APM: Through my fault.
Through my fault.
Through my most grievous fault.
So opens your novel The Wishing Tide. This refrain is repeated elsewhere in the novel in chapters attributed to the character Mary. It’s a rhythmic reminder, I think, of the crashing and retreating tides of love and life. What about this opening scene frames the rest of the book?
BD: I love that you picked up on the rhythm of those opening lines, and how they mimic the sea. I really wanted to establish the sea as a presence in the book, and liked the idea of the sea as both Mary’s confessor, and the keeper of secrets. There’s also the religious connotation of the lines from the old Catholic Confiteor, which, growing up with nuns, would have been drilled into Mary from an early age. One of the recurring themes in The Wishing Tide, for all the main characters, but especially for Mary, is the damage guilt can inflict, and the healing that only forgiveness can bring.
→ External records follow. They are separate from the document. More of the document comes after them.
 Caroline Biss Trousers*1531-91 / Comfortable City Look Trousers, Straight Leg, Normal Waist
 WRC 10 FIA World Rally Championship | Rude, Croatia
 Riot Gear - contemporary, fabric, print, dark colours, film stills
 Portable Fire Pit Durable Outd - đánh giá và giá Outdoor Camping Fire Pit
APM: You have a gift for prose and a talent for shaping characters. To a certain extent the former can’t be learned or cultivated—some of it just comes naturally—but the latter, it seems to me, requires a lot of work. Would you mind explaining how you developed the three main characters in this book—Lane, Michael, and Mary? For instance, did you begin by outlining their traits, or did the characters just flow from mind to page and take shape as you worked?
BD: Mary came first, and was the product of a rather eccentric woman I met while walking along the cliff walk in Newport. She was at once forthcoming and evasive, telling me what she wanted me to know, but clearly withholding significant pieces of her life. Within an hour of that conversation’s end I knew who Mary was, and what she’d been through. Lane and Michael both evolved more gradually, their traits and scars building as the story progressed and I got to know them and how they fit into Mary’s story. I loved writing them all, but Mary was my linchpin.
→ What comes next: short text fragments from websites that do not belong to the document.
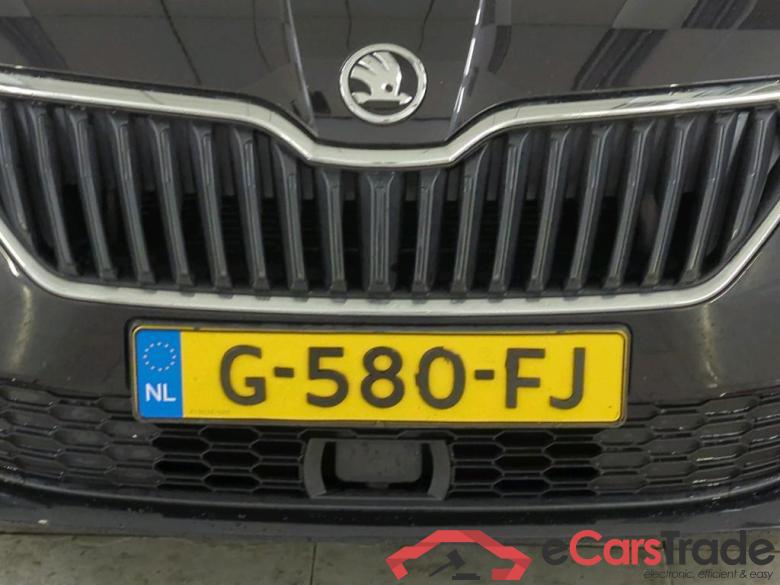 ŠKODA FABIA COMBI 1.0 TSI 70kW Ambition 5d #5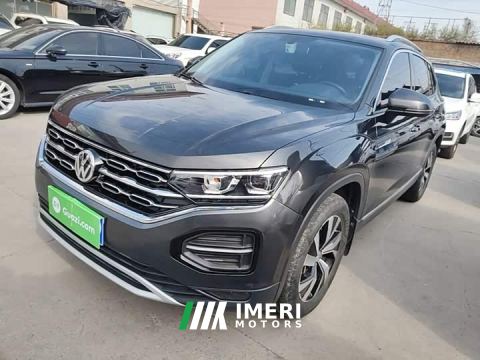 2022 Volkswagen Taos 330TSI FWD Luxury Smart Connect Edition
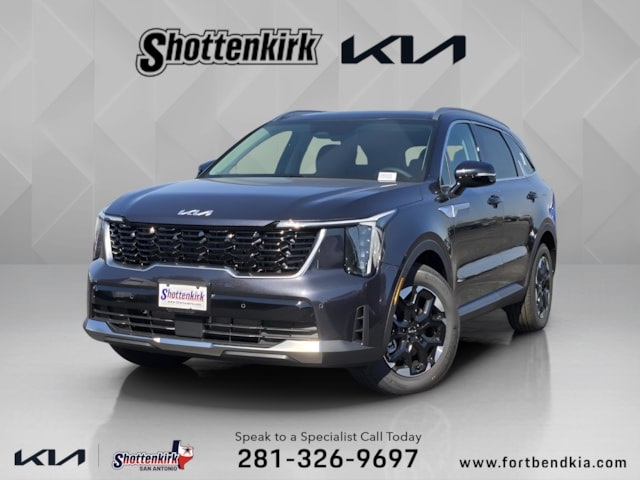 2026 Kia Sorento S's photo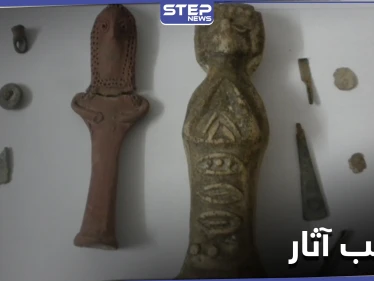 خاص|| تهريب قطع أثرية من سوريا إلى العراق.. فاقت قيمتها المليون دولار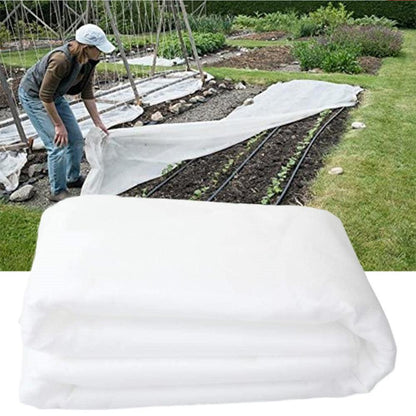 Reusable Non Woven Plant Frost Protection Cloth by HitMyNeed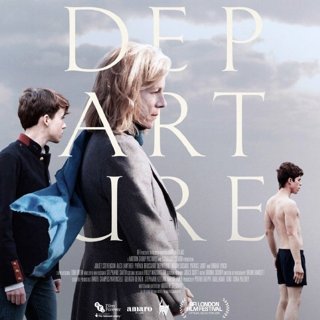 Poster of Wolfe Releasing's Departure (2017)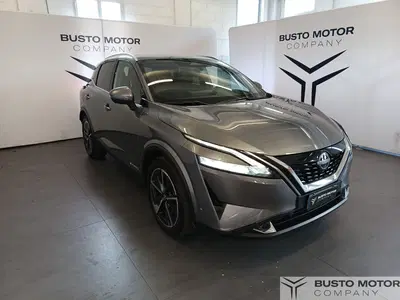 Nissan Qashqai 1.5 e-power Tekna 2wd del 2023 usata a Olgiate Olona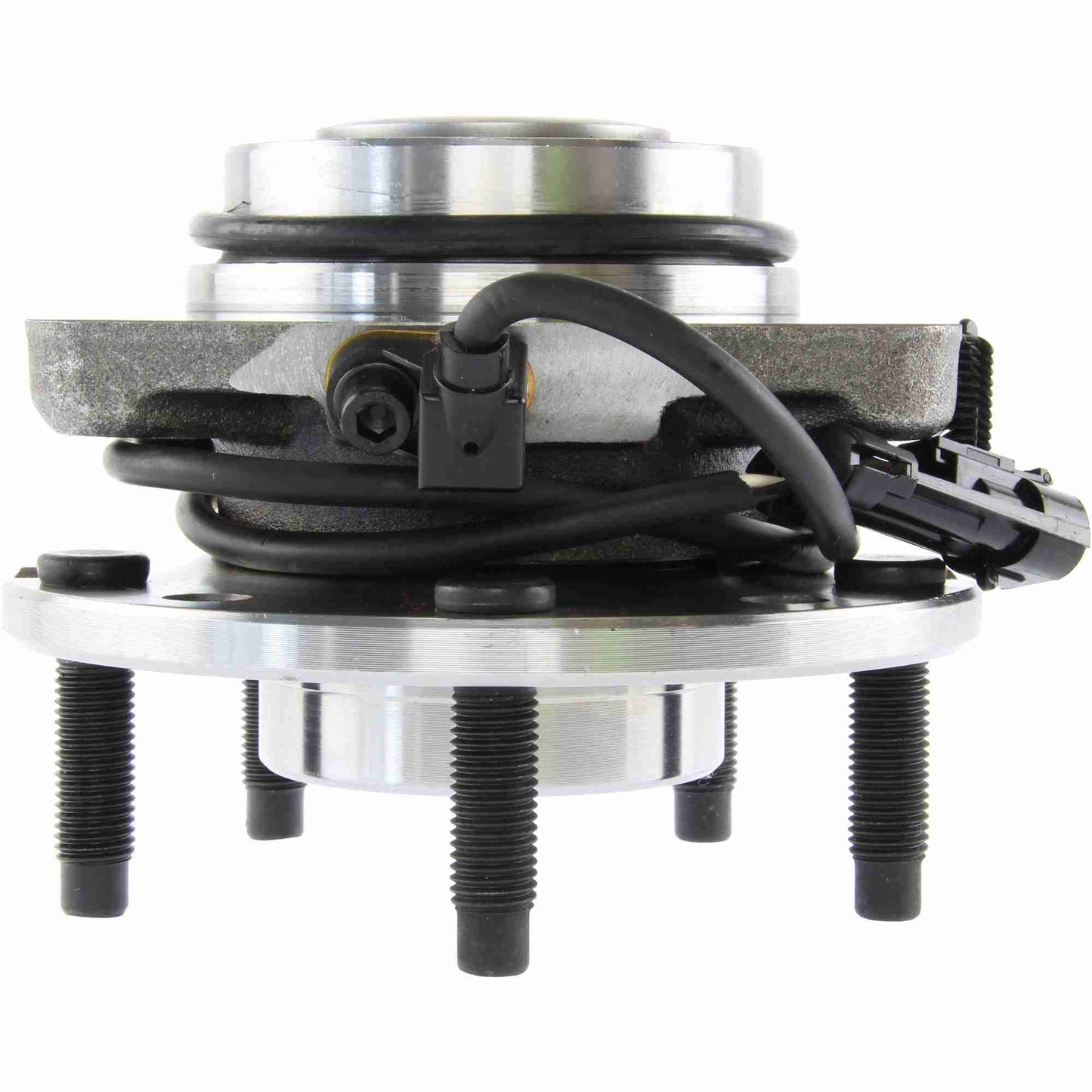 Centric Parts Wheel Bearing and Hub Assembly with ABS 402.66006E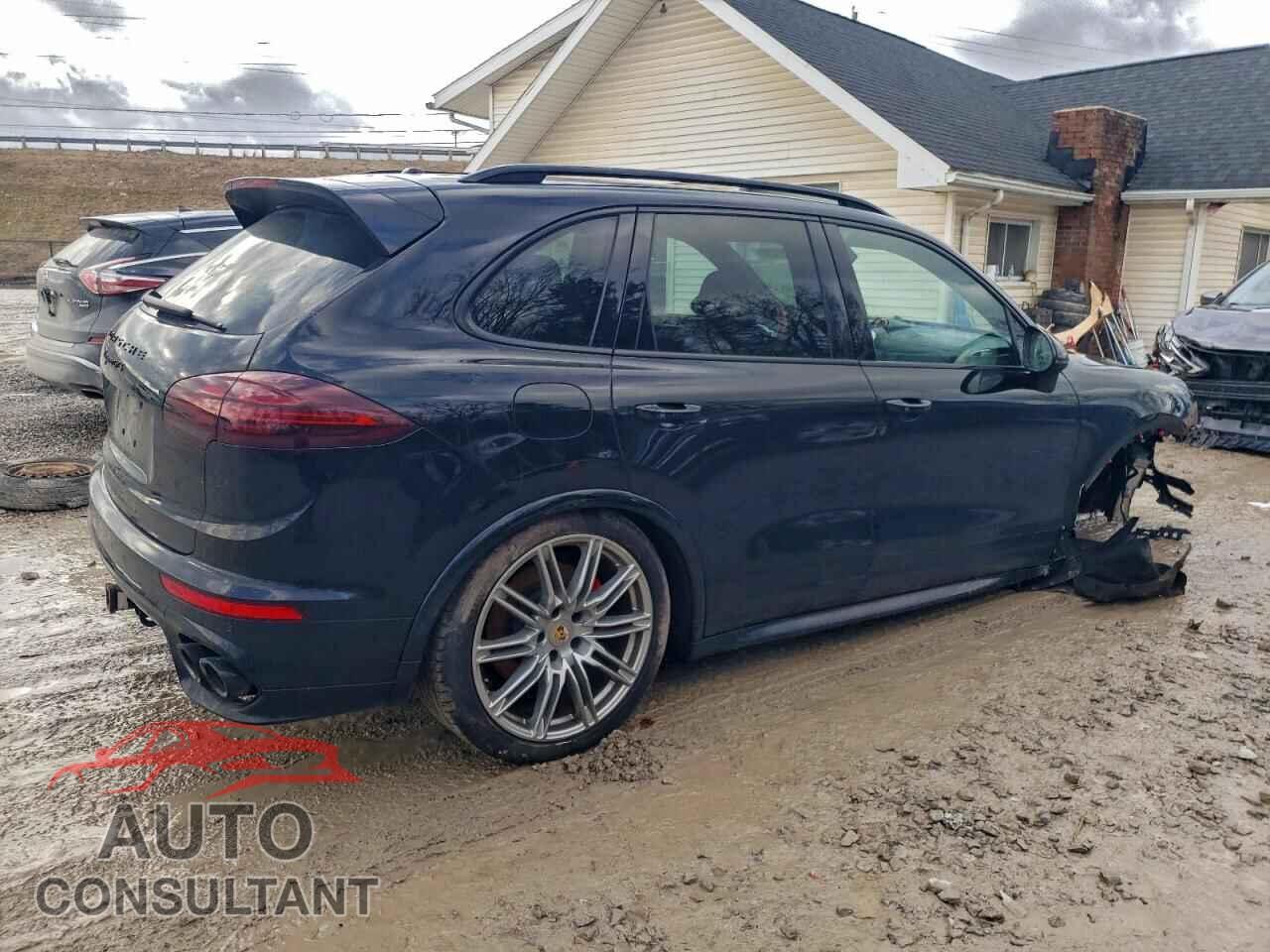 PORSCHE CAYENNE 2017 - WP1AD2A24HLA83199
APM: Tell us about your decision to alternate narrators from chapter to chapter.
BD: Each character in Tide is so unique, and, based on their life experiences, possess such different views of the world, that I felt the only way to truly convey them and their transformations was to let the reader see the world and events through their eyes. Also, there is knowledge each character has that none of the others possesses. Those bits of knowledge had to be carefully woven through the story in order for it to evolve naturally, and I hope, seamlessly. I especially wanted readers to be able to get inside Mary’s head, to get a sense of how wounded she is, and yet how wise she can be in moments of clarity.
APM: Which narrator is your favorite? Whose perspective was the easiest to write from?
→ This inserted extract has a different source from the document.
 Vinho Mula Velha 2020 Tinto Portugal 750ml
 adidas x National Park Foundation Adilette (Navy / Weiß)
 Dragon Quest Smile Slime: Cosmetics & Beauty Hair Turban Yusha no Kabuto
BD: Hands down, Mary was my favorite narrator in Tide. I love creating a distinct voice for these types of characters, a pattern and cadence that is distinctly theirs. It can be challenging, and usually takes three or four passes to get the flavor just right, but when I finally find it, it’s so worth the work. The easiest narrator was definitely Lane. Parts of her character are a little autobiographical, so it felt easy to find her voice and share her take on the world.
APM: The coast can be a wistful setting, and a pensive one. What draws you to it?
BD: Personally, I’ve always been drawn to the sea, to its primal nature, its vastness and timelessness. And it’s so deliciously tactile, a feast for every one of the senses when you think about it. But mostly, it feels like the perfect metaphor for life—turning and returning, giving and taking. It’s a backdrop with a built-in pulse, which is pretty hard to beat.
APM: You state in the Acknowledgements section of your book that the “writer’s journey is said to be a lonely one, but I never felt alone.” This seems like a statement of fact, but could it also be a form of advice?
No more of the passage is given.